TASK GOAL | When you reach the line that contains "Journalistic ethics demand", begin copying exactly, and continue through the last line of the data; no pictures belong in the copy.

SUPPLIED MATERIAL |
====================

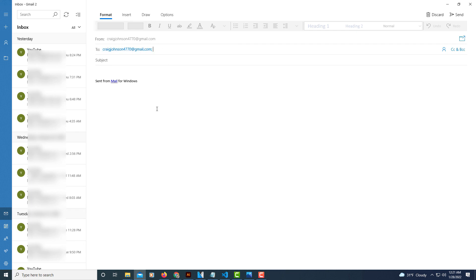The same thing. Anyways, that is how you hyperlink an email using HTML. Thanks for watching!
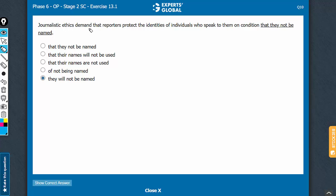Journalistic ethics demand that reporters protect the identities of individuals who speak to them on condition that. So you have condition, a bossy verb, followed by that. So this is a subjunctive trigger.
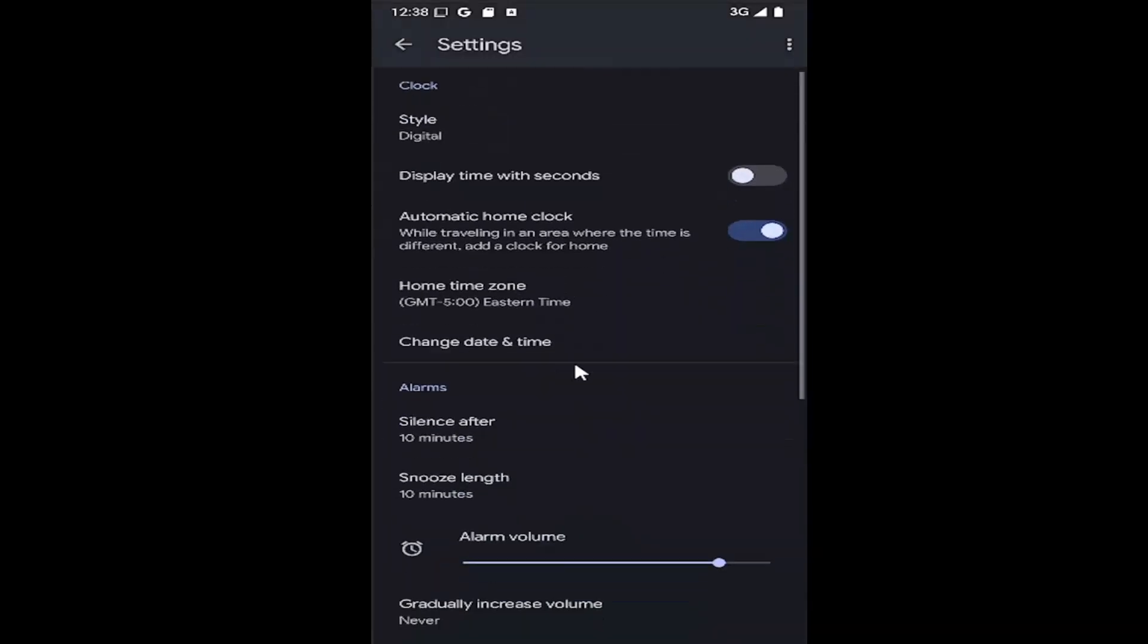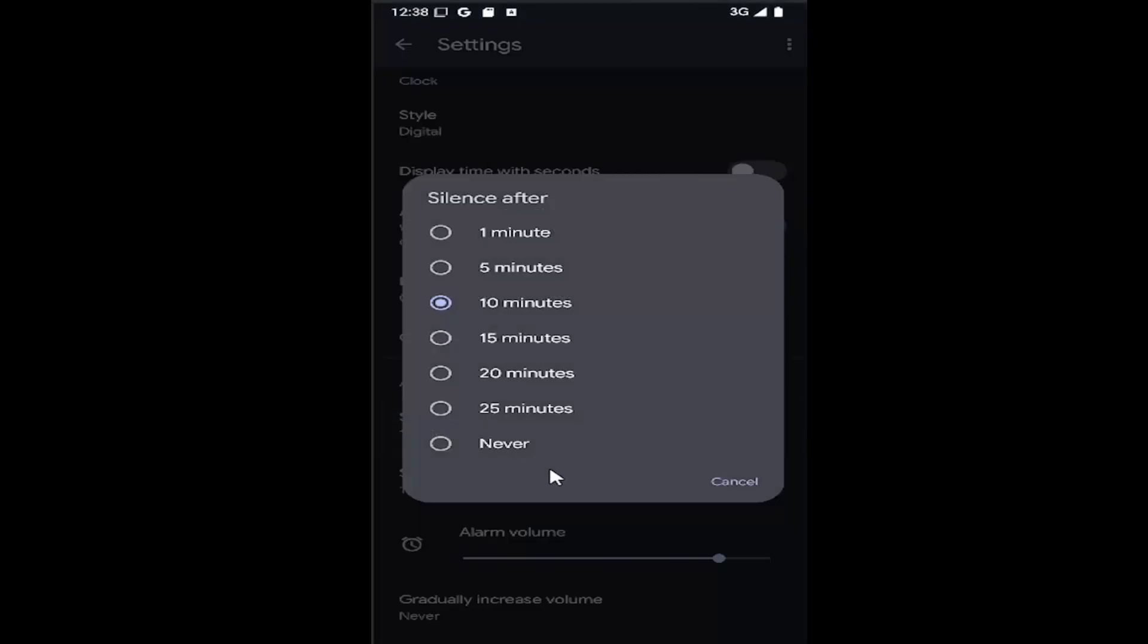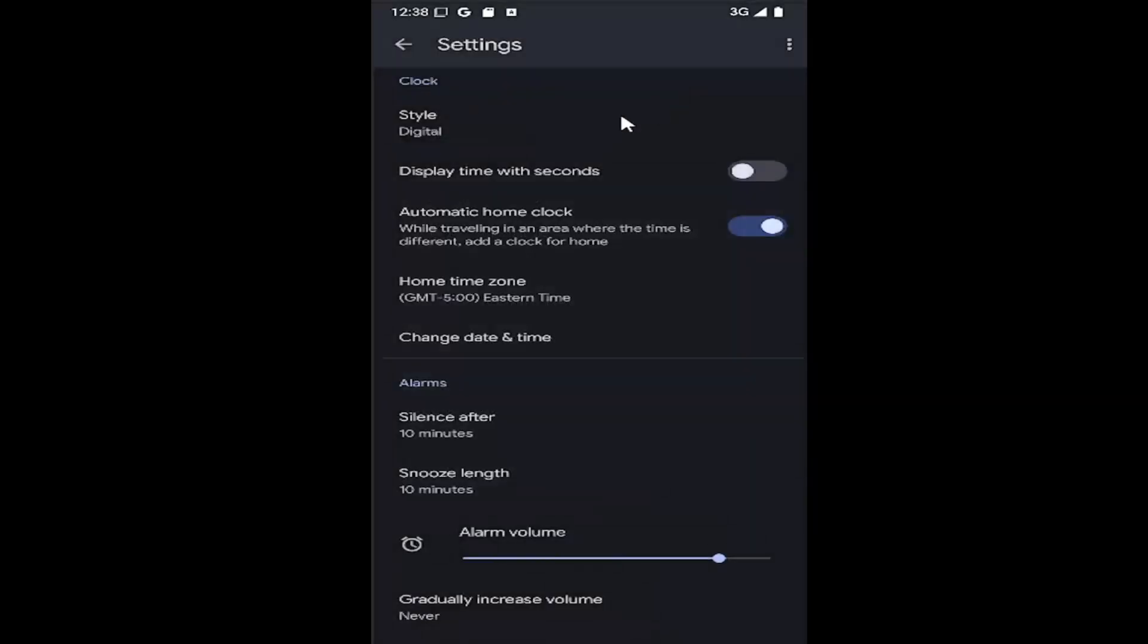And then scroll down a little bit where it says alarm and where it says silence after. Click on that. You can change how long you want the time duration before it silences. You can also adjust the snooze length too.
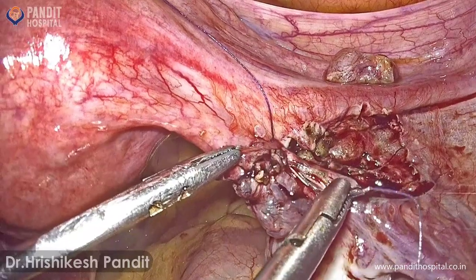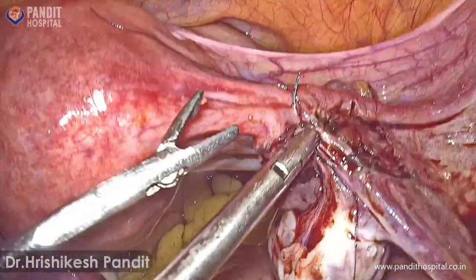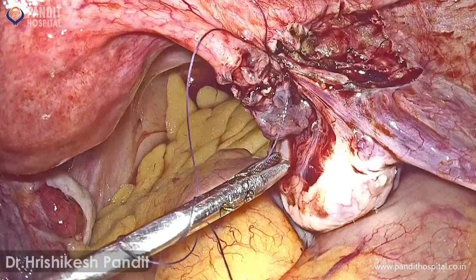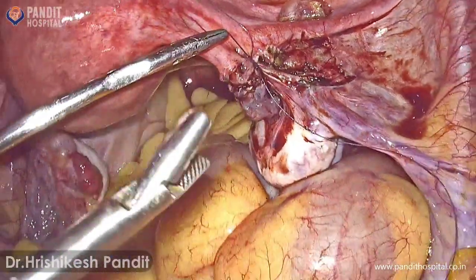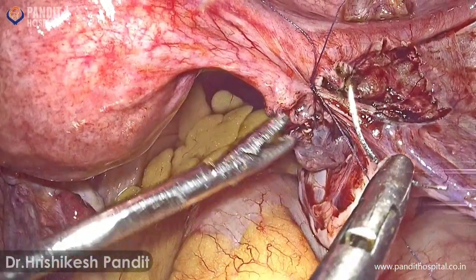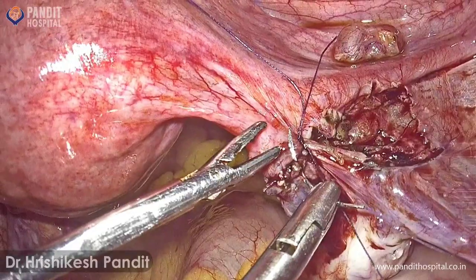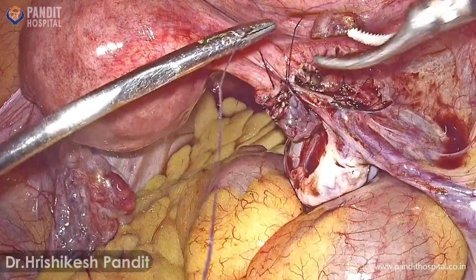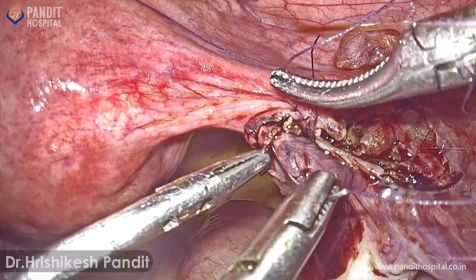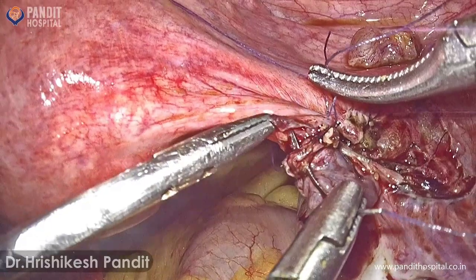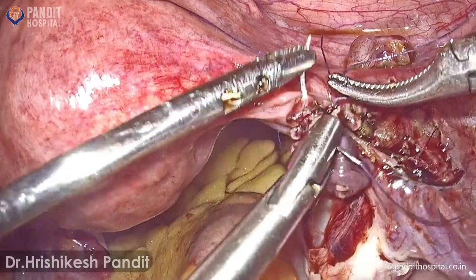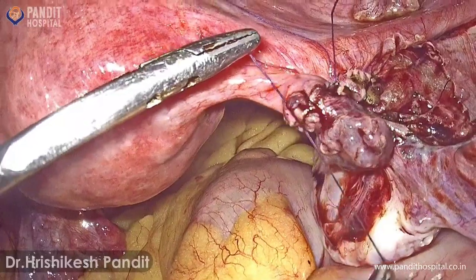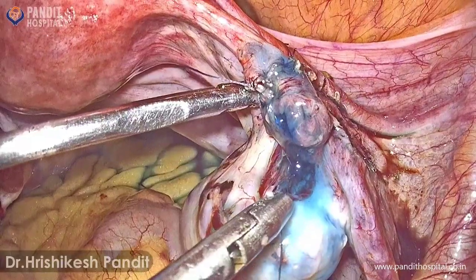There are two schools of thought about suture material and suturing technique. Some prefer monofilament sutures so that tissue reaction is minimized. We are using Vicryl here because it is easier for tying the knot. Another point is that some people prefer interrupted closure of the serosa; we prefer continuous suturing of the serosal layer.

====================

REPLY TO THE EXERCISE |
Journalistic ethics demand that reporters protect the identities of individuals who speak to them on condition that. So you have condition, a bossy verb, followed by that. So this is a subjunctive trigger.
And then scroll down a little bit where it says alarm and where it says silence after. Click on that. You can change how long you want the time duration before it silences. You can also adjust the snooze length too.
There are two schools of thought about suture material and suturing technique. Some prefer monofilament sutures so that tissue reaction is minimized. We are using Vicryl here because it is easier for tying the knot. Another point is that some people prefer interrupted closure of the serosa; we prefer continuous suturing of the serosal layer.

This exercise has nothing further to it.